As to the practicability, the question of course may be asked: How are you going to compel the capitalist to work his business without profit, or still more at a loss? The answer is that the difficulty implied in the question must be admitted, and for the moment may well be deemed insurmountable. But one of the first things, I take it, a Socialist administration should do, besides fixing maximum prices where necessary or desirable, would be to adapt a system of licences for all capitalist undertakings, just as the public-house trade is licensed to-day in England. In this way the administration would have the whip hand of the capitalist. Under the conditions proposed it would be quite easy to put the screw on to the capitalist at a period of crisis like the present. The threat of the cancelling of his licence, and hence the definitive winding-up of his affairs, would be quite sufficient to induce him to continue working his business for a time without reaping any profit or even at some actual loss. This power in the hands of the administrative authority would be especially effective in the case of syndicated enterprises (public joint-stock companies) where important fixed plant and large financial interests are concerned.

Control Before Abolition

But it will be said, as has oft been said before, indeed, as regards similar proposals, if you could bring capitalism to such a pass as is here supposed, you would be in a position just as easily to communise the whole industrial and commercial system at once – in a word, to realise the complete programme of Socialism without more ado. I must confess it is difficult for me to understand how any sensible Socialist can talk like this. Even admitting the initial assumption that, politically speaking, it would be as easy to abolish capitalism at a stroke as to control it (which is doubtful enough), have we not had recent evidence in Russia and elsewhere of the practical impossibility of successfully reorganising human life economically on a complete Socialist basis overnight, as it were? There are whole sections of the industrial and commercial system which are, for the moment, not ripe for effective communisation or socialisation. Meanwhile the present capitalist system must continue in its main features to survive, and the task of a Socialist administration must be largely confined to rigorously controlling it in the public interest, and to preparing existing economic conditions for their transformation into socialistic conditions as speedily as possible.

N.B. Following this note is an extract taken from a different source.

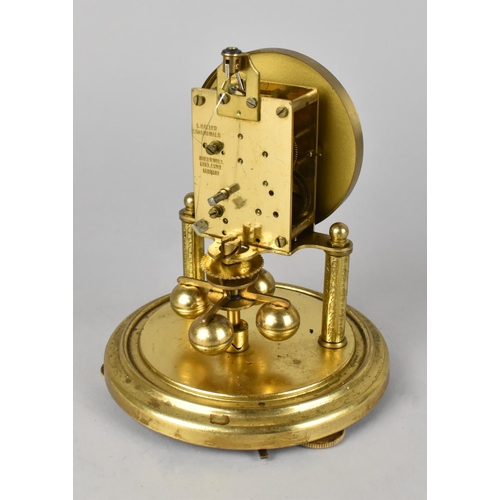 60 - A Small Brass Pillar Clock under Glass Dome, 17cms High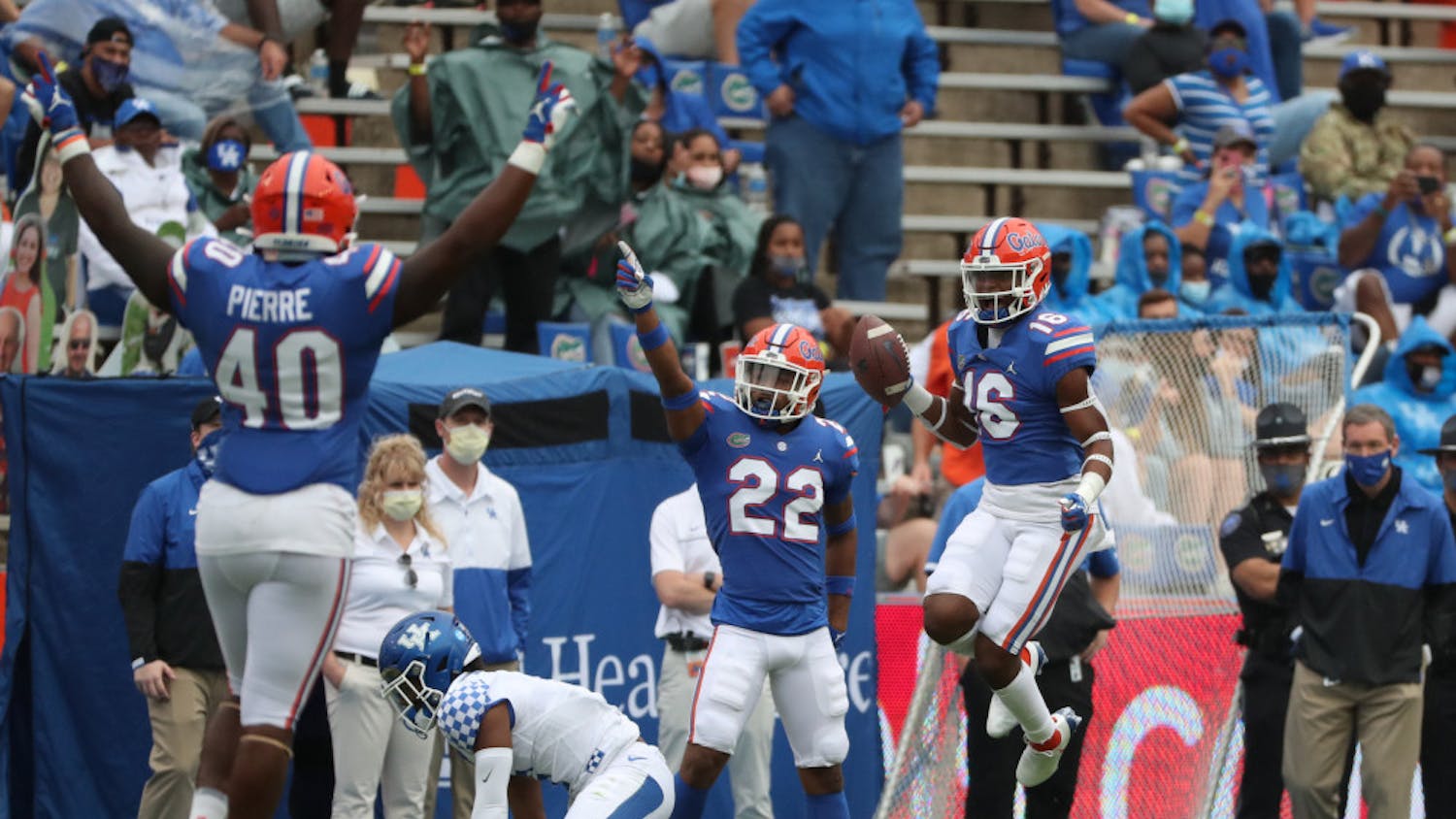 Tre’Vez Johnson (16), Jesiah Pierre (40) and Rashad Torrence II (22) celebrate in the Gators game against Kentucky in The Swamp on Nov. 28.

The chief immediate difference, I take it, between an ordinary bourgeois Government and a Socialist administration would be that, while the first concern of the one is the interest of the present possessors and controllers of the means of production and distribution, the first concern of the other would be the interest of the wage earners and of the public generally, in their character of consumers and users of the wealth produced by the community.